* _Supplied information_:

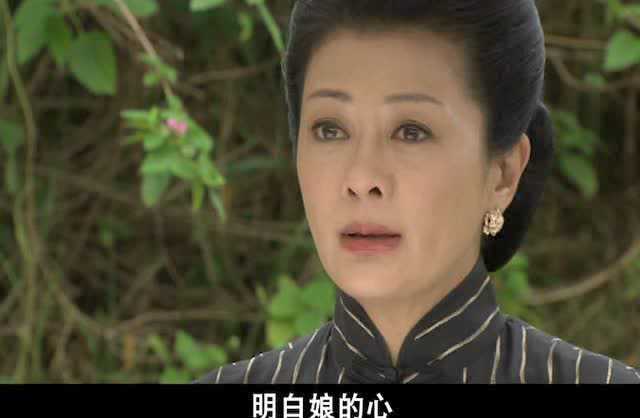 我的娘家,我的婆 29集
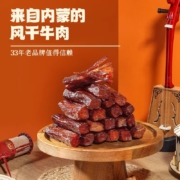 34年内蒙老品牌，蒙亮 内蒙古手撕风干牛肉干（7成干） 500g 香辣/原味/孜然可选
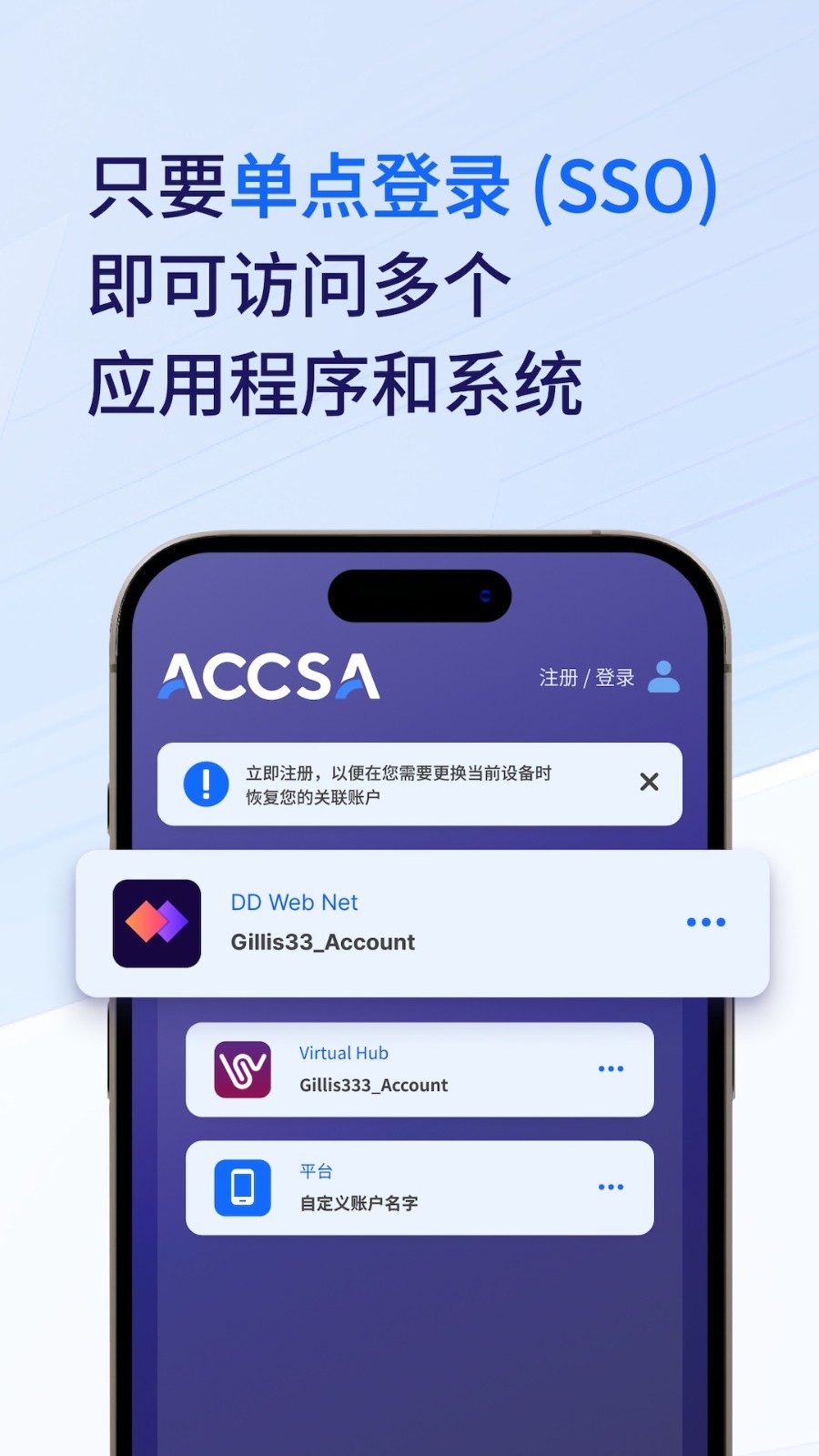 ACCSA鴻蒙版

* _What is expected_: Copy only this, please: the line with "34年内蒙老品牌，蒙亮 内蒙古手撕风干牛肉干（7成干） 500g 香辣/原味/孜然可选" and every line after it through the end of the data, with no pictures.

* _Output of the task_:
 34年内蒙老品牌，蒙亮 内蒙古手撕风干牛肉干（7成干） 500g 香辣/原味/孜然可选
 ACCSA鴻蒙版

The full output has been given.